Soft Science
- First edition cover
- Author: Franny Choi
- Genre: Poetry
- Publisher: Alice James Books
- Publication date: 2019
- ISBN: 978-1-938584-99-2

= Soft Science (poetry collection) =

2019 poetry collection by Franny Choi

Soft Science is a poetry collection published in 2019, written by poet and writer Franny Choi. It received positive reviews.

==Development==
Many of the poems in Soft Science appear in Choi's 2017 chapbook Death by Sex Machine. Choi began the chapbook without "[...] really [knowing] what it might turn into". Choi has also said she drew inspiration for the collection from a series of poems she wrote about the character Kyoko from the 2015 science fiction film Ex Machina though only one of the Kyoko poems appears in Soft Science. Choi has referred to the Kyoko poems as "bay leaf" poems.
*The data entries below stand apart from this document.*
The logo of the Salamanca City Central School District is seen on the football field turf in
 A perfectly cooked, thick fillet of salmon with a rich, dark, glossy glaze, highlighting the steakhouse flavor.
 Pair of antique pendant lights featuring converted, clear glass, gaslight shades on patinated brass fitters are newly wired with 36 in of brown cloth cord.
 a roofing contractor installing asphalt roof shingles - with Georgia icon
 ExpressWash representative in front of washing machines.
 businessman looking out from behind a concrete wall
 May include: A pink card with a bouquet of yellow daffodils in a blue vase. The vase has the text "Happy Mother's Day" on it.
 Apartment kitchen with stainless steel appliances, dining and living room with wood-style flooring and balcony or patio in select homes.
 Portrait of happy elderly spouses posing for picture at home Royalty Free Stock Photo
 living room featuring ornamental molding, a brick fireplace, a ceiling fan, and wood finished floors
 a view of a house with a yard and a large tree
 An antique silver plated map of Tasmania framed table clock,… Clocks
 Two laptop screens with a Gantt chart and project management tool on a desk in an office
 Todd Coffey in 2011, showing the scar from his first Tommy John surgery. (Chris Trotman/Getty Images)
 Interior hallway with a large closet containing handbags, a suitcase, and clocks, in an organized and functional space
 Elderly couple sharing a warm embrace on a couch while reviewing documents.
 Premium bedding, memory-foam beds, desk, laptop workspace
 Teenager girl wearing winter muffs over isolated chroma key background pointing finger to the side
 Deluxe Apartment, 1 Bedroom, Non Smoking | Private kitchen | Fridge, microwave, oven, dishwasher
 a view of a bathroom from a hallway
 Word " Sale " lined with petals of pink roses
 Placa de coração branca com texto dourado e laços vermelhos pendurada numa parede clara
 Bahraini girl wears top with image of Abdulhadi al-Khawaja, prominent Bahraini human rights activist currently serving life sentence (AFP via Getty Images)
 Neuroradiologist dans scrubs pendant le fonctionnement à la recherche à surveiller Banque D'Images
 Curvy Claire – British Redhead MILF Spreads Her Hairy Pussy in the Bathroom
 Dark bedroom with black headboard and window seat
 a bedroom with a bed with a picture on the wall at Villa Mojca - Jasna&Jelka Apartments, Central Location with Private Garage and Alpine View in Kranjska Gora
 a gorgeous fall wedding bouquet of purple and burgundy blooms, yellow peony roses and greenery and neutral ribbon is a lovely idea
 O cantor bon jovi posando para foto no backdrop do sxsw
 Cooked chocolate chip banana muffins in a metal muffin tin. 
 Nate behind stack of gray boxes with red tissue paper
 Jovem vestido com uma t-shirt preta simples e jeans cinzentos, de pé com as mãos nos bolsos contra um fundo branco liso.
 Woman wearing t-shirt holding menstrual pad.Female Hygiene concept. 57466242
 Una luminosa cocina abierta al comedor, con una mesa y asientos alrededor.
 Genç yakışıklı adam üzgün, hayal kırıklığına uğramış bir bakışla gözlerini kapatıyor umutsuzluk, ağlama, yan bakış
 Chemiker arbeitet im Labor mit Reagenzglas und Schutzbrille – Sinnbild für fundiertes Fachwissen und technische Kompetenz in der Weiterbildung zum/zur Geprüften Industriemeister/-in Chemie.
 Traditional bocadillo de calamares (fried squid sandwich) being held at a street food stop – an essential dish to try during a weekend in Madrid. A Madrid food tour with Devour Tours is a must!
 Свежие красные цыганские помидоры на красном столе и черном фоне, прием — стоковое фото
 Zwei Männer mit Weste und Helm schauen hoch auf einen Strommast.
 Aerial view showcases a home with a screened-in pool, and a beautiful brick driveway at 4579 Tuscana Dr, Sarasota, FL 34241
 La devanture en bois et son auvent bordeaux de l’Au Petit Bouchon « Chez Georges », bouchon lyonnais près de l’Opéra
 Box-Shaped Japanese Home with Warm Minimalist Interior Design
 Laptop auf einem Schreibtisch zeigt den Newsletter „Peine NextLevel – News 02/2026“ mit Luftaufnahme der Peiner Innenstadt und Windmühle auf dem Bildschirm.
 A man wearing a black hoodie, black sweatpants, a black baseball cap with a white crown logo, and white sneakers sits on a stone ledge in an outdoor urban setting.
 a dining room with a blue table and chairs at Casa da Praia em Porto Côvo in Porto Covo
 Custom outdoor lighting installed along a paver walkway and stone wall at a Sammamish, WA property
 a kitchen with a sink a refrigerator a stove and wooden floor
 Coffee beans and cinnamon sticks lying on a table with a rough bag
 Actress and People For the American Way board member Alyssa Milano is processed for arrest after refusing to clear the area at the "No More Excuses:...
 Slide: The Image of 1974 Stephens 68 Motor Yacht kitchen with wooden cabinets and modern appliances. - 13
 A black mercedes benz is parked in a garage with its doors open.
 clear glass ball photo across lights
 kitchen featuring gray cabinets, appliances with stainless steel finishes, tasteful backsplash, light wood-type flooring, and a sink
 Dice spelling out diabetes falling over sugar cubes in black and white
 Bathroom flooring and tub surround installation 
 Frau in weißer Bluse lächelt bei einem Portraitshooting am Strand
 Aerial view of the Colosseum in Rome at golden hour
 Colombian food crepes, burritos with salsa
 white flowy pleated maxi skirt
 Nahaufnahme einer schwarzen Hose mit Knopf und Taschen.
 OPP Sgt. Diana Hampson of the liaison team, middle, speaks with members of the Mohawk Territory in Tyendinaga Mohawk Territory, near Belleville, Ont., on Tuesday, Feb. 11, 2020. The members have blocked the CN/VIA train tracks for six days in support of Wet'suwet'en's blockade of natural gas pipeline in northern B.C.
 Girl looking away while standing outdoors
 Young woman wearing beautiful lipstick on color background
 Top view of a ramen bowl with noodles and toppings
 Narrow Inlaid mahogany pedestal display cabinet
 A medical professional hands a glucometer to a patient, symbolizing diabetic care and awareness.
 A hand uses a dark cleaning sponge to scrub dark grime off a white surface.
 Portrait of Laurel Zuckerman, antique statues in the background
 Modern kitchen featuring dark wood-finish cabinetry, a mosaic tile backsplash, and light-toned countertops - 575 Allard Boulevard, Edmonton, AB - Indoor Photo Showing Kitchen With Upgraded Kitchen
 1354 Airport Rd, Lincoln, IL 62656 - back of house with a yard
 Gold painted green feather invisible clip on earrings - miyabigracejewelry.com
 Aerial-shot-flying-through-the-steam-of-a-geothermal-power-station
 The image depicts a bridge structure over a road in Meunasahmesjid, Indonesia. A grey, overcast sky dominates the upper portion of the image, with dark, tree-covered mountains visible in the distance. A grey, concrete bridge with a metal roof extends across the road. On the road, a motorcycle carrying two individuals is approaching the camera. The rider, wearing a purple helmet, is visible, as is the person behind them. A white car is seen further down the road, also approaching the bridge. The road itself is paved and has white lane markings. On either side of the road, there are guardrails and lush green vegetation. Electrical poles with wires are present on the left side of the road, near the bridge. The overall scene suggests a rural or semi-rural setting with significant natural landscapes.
Borrowed by Danez Smith, the term indicates the poems were necessary to "get things going" but not necessary for inclusion in the final version of the book. Choi faced moments of "self-doubt" as she wrote the book.

==Themes==
The collection deals with technology and language's relationship with technology, as well as themes of identity. In Fields Magazine, Shannon Austin commented on the collection's treatment of language, writing that Choi "[...] plays with language, manipulating typical definitions, sentence structures, and grammatical rules in order to reject what we have come to think of as the norm".

==Reception==
Writing for Lambda Literary, July Westhale praised Choi's language as "lyric and logical". In 2020, Soft Science won the Science Fiction & Fantasy Poetry Association's Elgin Award.